The Bruce Forsyth Story: part 3 – I’m still in charge!
18 August 2017 tbs.pm/10883
From the TVTimes for week commencing 3 January 1960
Since I became compere of Sunday Night at the London Palladium some of my wildest dreams have been realised. I am told that I have become a National Figure. Certainly my fan mail has never looked so healthy — or my bank manager so happy.
But one of the things that has most impressed me about television is the way you let something drop casually — and find it isn’t a remark you’ve dropped so much as a brick. Or a catchphrase that sweeps the country.
I was lucky – was a catchphrase which is just as well since I’d rather compere the Palladium than sweep the country.
I never set out to originate anything in this line, but it looks as though I’m saddled with “I’m in charge!” and gags about drip-dry shirts for life.
The story of “I.I.C.” goes back to a “Beat the Clock” game in November 1958. I explained to a young couple how to play a game involving plate throwing. They got in a terrible state — there were plates flying all over the place. If the whole thing had taken place years earlier I doubt if flying saucers would ever have caught on.
Anyway, I stopped the clock and said: “Look, throw them one at a time, alternatively, and you’ll be all right.”
I turned round to see how many seconds they had left and would you believe it, in a twink they were off again, slinging plates one at a time — one handful at a time!
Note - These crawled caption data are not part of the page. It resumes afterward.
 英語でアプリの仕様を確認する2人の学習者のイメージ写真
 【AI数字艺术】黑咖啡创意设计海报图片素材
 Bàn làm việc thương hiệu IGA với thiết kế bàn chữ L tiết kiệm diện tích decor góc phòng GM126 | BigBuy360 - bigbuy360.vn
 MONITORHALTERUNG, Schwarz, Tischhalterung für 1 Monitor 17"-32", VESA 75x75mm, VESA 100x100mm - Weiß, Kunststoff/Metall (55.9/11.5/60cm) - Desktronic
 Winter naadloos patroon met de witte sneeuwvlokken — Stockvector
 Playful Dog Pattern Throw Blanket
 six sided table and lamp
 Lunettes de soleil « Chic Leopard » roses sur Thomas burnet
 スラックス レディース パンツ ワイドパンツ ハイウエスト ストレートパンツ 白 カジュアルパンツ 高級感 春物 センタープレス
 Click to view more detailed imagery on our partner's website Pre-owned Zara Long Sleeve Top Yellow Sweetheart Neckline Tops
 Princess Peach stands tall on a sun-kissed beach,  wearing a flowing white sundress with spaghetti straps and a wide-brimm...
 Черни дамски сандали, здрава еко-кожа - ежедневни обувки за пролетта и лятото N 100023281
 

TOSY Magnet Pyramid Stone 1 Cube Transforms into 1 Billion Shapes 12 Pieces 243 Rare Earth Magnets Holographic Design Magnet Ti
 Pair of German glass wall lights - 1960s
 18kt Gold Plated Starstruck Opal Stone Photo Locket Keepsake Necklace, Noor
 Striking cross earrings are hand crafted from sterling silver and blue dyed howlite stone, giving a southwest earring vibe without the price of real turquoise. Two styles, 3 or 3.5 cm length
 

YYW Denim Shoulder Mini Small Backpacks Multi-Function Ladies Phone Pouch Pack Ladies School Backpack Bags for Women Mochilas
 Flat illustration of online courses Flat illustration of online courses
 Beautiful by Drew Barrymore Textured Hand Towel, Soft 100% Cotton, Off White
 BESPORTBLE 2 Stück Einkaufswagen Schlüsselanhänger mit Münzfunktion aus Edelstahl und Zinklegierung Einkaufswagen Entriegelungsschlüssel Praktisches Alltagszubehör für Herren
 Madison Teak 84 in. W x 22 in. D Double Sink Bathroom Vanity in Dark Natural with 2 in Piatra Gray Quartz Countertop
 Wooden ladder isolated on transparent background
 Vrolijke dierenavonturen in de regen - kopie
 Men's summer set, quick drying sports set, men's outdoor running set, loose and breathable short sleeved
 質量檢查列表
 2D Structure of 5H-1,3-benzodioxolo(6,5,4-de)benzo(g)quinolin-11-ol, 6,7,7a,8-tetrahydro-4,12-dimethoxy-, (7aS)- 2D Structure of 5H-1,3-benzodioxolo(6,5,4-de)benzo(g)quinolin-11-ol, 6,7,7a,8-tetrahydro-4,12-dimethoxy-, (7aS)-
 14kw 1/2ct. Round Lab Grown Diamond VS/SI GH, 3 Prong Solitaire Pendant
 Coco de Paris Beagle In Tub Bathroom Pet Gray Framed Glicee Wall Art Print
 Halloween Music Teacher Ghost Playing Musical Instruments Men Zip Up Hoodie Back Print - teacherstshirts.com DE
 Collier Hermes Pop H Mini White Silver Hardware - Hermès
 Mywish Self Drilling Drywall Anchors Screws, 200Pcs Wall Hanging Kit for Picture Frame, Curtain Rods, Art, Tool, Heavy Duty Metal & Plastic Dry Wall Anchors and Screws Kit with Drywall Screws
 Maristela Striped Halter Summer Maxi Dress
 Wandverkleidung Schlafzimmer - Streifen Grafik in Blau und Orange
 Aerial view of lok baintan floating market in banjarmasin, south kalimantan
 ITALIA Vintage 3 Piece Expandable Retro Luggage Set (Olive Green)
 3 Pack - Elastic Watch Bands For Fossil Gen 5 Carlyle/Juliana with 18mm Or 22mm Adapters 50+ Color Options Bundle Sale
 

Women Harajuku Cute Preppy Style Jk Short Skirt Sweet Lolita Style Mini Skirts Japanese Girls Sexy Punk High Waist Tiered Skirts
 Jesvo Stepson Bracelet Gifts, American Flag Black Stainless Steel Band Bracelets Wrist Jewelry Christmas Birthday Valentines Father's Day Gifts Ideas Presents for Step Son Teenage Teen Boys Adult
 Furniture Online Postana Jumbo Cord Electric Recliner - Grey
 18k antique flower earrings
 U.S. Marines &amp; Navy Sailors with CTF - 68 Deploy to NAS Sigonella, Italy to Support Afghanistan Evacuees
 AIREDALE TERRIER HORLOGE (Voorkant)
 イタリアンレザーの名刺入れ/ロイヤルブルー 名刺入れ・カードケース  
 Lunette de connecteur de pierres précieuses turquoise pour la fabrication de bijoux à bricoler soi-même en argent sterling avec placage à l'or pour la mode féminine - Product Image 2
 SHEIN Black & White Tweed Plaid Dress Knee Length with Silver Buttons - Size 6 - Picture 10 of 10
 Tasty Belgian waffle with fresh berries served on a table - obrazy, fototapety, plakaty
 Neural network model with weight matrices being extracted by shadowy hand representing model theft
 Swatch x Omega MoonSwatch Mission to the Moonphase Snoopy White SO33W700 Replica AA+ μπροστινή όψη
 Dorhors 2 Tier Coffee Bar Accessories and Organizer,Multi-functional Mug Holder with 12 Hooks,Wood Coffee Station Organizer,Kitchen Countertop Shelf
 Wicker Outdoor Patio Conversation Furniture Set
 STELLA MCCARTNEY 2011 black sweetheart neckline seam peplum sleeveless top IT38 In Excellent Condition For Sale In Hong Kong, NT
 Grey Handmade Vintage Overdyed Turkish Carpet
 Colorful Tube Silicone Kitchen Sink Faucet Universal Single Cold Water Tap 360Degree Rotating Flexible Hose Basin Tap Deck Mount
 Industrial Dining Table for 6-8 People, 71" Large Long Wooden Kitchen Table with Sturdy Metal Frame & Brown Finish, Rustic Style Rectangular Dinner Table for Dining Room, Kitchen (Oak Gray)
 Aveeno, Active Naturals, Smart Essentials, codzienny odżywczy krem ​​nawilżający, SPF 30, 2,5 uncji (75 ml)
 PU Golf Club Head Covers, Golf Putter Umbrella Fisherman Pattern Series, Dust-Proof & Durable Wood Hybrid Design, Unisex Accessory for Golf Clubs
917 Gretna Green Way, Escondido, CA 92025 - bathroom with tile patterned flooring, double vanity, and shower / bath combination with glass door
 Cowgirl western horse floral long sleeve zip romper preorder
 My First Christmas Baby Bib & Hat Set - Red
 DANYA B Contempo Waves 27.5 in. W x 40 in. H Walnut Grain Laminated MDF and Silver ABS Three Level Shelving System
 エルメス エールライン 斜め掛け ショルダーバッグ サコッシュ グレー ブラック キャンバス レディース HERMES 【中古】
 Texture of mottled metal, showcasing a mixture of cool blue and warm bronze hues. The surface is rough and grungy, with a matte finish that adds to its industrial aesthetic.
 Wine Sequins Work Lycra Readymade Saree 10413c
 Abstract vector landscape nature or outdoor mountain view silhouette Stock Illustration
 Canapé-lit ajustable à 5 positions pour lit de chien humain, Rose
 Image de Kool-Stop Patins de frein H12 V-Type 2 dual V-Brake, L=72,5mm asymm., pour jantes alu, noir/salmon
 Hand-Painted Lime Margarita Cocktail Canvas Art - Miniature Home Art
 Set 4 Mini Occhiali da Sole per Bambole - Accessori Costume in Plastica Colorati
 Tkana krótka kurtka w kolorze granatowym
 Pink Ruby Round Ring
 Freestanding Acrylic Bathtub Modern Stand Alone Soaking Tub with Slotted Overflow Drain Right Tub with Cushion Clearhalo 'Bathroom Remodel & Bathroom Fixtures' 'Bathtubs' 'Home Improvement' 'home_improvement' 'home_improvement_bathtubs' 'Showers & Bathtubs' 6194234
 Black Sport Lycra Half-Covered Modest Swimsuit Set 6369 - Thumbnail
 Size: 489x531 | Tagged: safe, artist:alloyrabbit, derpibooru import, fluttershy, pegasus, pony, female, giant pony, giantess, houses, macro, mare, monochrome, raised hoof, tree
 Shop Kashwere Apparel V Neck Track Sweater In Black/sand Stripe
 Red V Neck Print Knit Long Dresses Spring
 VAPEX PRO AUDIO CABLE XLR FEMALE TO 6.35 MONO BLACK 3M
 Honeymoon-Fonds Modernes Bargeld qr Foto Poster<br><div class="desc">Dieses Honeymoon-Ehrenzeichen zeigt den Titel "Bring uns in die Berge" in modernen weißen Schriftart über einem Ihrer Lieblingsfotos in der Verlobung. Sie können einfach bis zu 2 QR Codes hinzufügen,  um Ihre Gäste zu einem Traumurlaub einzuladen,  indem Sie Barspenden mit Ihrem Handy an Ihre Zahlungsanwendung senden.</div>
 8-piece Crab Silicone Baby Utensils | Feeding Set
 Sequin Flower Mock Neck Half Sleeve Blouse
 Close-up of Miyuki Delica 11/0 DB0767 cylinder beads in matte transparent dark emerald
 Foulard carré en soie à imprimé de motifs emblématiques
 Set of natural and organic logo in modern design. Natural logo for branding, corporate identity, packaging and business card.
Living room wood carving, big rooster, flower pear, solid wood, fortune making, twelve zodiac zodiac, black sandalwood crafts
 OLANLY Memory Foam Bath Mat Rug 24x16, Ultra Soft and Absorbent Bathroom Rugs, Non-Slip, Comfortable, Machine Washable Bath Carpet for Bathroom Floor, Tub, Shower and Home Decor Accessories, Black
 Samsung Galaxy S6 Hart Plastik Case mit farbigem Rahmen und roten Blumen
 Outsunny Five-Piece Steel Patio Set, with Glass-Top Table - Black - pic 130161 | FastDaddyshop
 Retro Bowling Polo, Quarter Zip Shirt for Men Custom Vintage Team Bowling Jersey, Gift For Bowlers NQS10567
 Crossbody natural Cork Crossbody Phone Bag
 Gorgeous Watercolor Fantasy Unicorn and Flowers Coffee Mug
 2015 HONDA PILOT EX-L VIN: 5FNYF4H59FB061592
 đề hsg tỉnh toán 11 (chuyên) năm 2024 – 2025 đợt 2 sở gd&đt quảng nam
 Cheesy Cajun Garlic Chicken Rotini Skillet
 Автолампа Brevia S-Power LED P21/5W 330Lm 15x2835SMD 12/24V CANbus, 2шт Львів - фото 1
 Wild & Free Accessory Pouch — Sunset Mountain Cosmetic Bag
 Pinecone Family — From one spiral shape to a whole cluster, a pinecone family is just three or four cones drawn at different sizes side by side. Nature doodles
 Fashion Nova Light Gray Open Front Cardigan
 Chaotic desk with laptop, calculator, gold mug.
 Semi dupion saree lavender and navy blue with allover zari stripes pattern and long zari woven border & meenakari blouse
So I shouted: “Hold on, I’m in charge!”
I have never understood why it got such a big laugh. But there it was, a catchphrase was born. Only I didn’t realise it. By the following week I had forgotten all about it. But others hadn’t. The show had hardly finished before I was being asked “What’s up, Bruce? Aren’t you in charge any more?”
That’s when I realised it might be a good gimmick. And how it has caught on.
I heard about a hole in the road in Birmingham, around which workmen had painted “I’m in charge!” in white paint. Then there was the factory where the workmen pinned a card on the back of their foreman’s overalls announcing “He’s in charge.”
In an exclusive Manchester restaurant, I found the immaculately dressed manager wearing an apron on which he had written my catchphrase.
Autograph hunters demand I sign their books “Bruce Forsyth, I.I.C.”
It grew so much, it became the title of touring stage show. One theatre advertised this simply as “Bruce Forsyth is ino charge.”
What about that drip-dry shirt gag? It started off to fill in 20 seconds. I said: “Aren’t these drip-dry shirts marvellous? No ironing. Just wash them and put them on. Do you know, this one is nearly dry now. Mind you, my shoes are full of water.”

This is the car viewers sent me. We passed it on to help old folks
That started it — a cascade of comebacks from the customers. “It’s your fault if your shoes are full of water. You should wear drainpipe trousers … Why don’t you wear pumps? … Wear a leek in your buttonhole … You shouldn’t do so much tap-dancing.” I thought the gags would never stop.
And the gifts! In came a shoal of plastic buckets, clothes lines, packets of detergent, bundles of pegs. Children sent paper cut-out shirts. There was a never-ending supply of tiny drip-dry shirts with my initials. My dressing-room was packed with so many gifts that Father Christmas asked me for my union card!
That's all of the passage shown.